Top Papers 2017

Inspired by Paul Goldsmith-Pinkham and following on Noah Smith and others in an end of-year tradition, here is a not-quite-ordered list of the top 10-ish papers I read in 2017. I read too many arxiv preprints and older papers to choose ones based on actual publication date, so these are chosen from the “Read in 2017” folder of my reference manager, which tells me that I have somehow read 176 papers (so far) in 2017. There was a lot of chaff in this set, and many more good works still sitting in my “to read” folder, but I did manage to find a few gems, which I can list and briefly describe, in sparsely-permuted alphabetical order.

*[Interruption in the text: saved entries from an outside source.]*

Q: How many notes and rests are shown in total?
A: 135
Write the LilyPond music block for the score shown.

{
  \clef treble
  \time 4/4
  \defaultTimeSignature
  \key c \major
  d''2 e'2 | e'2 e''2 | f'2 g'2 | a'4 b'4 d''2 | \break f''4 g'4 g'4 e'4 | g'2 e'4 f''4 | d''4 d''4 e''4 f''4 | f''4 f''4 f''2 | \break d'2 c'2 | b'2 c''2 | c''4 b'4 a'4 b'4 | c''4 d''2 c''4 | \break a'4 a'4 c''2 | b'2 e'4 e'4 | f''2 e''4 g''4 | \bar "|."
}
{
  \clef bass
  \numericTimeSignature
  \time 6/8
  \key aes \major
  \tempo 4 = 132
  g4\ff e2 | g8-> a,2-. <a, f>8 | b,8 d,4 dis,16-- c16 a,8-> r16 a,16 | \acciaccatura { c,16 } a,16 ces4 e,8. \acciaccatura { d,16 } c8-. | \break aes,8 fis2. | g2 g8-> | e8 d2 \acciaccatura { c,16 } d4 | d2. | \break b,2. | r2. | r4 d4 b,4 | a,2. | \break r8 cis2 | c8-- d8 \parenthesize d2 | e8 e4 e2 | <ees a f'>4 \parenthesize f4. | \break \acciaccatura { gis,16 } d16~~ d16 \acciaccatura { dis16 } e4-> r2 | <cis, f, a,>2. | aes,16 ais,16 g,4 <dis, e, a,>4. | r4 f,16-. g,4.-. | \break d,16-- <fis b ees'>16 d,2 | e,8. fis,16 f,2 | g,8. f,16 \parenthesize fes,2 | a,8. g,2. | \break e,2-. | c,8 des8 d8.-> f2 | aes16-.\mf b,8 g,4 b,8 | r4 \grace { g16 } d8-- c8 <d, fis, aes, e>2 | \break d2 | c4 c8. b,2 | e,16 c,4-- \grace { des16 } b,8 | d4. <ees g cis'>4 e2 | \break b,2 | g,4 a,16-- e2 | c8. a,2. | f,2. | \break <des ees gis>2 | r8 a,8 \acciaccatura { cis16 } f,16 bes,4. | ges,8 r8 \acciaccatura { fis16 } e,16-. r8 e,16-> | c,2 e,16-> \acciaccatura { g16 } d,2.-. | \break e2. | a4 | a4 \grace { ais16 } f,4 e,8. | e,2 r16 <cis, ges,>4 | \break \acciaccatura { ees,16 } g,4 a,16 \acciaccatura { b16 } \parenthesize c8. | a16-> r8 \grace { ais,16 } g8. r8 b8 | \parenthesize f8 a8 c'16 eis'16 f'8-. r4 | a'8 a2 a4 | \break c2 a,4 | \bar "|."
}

  1. Arellano, Blundell, & Bonhomme Earnings and Consumption Dynamics: A Nonlinear Panel Data Framework Econometrica 2017

This paper solves a problem which one would think would have been tackled a long time ago, but turned out to require several modern tools. What is the reduced form implied by intertemporally optimizing dynamic decision models of the kind underlying quantitative heterogeneous agent macro models, and can it be identified and estimated from micro panel data? They show that the form is a nonparametric Hidden Markov Model, and given long enough panels and some standard completeness conditions the distributions can be nonparametrically identified and estimated using conditional distribution estimation methods based on sieve quantile regressions. This seems like a good start to taking seriously the implications of these models and reformulating them to match micro data.

See also: their survey in the Annual Review of Economics showing how most dynamic models used in macro correspond to their framework.

  1. Susan Athey & Stefan Wager Efficient Policy Learning

Part of a growing literature on learning optimal (economic) policies from data by directly estimating the policy to maximize welfare, rather than learning model parameters which are only ex post used in policy exercises without proper accounting for uncertainty. This paper focuses on the binary policy case, in the presence of unconfounded observational data on program results: find a policy rule \(\pi(X)\) out of some class of policies which apply a program or not to an individual with covariates X. This paper takes a minimax approach, using a doubly robust estimator and showing approximately optimal approximation bounds on regret (relative to the unknown best policy in the class) over possible nonparametric structural parameters, using some novel bounds. These bounds rely strongly on the binary structure, so extending to more complicated policy problems may take some work, but the approach seems highly promising.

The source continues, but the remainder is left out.